Crawled caption data:
+++
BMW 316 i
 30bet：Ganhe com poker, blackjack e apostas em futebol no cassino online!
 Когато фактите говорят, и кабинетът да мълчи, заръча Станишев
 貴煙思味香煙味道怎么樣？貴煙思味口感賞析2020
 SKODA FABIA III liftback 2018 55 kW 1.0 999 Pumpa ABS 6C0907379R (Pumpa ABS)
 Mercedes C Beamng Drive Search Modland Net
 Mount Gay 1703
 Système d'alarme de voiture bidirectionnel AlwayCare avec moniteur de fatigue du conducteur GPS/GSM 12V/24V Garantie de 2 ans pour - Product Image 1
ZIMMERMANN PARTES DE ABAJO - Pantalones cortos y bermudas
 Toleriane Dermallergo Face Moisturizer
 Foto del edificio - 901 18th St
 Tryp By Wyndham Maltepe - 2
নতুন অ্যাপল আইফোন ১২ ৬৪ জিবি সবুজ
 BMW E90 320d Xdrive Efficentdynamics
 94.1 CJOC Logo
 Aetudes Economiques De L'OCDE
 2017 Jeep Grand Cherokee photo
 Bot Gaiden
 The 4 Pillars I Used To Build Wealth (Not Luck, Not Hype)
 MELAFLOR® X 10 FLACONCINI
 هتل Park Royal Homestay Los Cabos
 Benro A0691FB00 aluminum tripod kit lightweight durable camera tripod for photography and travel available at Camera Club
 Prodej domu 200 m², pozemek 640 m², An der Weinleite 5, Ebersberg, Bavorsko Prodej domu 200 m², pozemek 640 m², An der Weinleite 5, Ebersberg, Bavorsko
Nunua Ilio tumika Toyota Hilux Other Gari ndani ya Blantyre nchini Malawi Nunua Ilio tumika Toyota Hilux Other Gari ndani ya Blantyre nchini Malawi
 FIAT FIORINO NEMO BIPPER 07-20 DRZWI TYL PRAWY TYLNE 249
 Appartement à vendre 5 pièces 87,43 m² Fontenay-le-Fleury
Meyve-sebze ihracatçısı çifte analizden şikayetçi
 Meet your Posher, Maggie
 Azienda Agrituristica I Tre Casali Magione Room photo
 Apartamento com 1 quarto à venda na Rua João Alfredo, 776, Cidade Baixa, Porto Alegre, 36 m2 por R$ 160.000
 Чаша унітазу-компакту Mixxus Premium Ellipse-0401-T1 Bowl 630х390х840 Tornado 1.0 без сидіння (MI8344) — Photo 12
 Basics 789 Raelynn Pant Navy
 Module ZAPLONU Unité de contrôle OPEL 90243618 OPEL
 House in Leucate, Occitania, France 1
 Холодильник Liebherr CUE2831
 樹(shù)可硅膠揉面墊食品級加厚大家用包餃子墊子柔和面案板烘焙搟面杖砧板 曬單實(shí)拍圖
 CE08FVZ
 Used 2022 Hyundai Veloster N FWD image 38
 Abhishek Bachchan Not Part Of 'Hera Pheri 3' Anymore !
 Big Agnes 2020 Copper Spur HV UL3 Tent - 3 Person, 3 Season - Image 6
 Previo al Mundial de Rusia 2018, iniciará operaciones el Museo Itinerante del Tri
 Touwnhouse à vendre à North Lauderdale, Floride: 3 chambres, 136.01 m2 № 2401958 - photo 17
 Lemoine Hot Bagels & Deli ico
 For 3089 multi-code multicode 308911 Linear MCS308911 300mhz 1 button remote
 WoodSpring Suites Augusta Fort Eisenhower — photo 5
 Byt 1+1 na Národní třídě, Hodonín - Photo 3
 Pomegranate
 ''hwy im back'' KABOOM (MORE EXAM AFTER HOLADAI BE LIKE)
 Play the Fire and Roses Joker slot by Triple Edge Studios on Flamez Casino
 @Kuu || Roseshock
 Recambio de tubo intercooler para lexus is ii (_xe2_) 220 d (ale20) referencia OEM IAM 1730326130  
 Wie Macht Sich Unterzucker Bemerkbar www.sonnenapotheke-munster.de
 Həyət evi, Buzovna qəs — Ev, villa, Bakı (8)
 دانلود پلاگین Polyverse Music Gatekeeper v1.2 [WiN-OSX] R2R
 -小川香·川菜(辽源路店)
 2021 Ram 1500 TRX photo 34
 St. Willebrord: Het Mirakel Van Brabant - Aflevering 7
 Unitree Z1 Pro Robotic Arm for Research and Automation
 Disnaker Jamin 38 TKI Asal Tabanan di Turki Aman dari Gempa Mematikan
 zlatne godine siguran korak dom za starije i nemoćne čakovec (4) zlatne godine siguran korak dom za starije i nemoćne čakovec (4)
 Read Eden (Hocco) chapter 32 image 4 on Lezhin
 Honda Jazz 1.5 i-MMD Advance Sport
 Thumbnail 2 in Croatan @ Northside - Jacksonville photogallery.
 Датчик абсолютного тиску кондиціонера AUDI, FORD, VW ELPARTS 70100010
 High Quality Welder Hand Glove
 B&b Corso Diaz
+++
_TASK STATEMENT_
Wherever the string "Used" occurs in the records above, copy that line.

_SOLUTION_
 The 4 Pillars I Used To Build Wealth (Not Luck, Not Hype)
 Used 2022 Hyundai Veloster N FWD image 38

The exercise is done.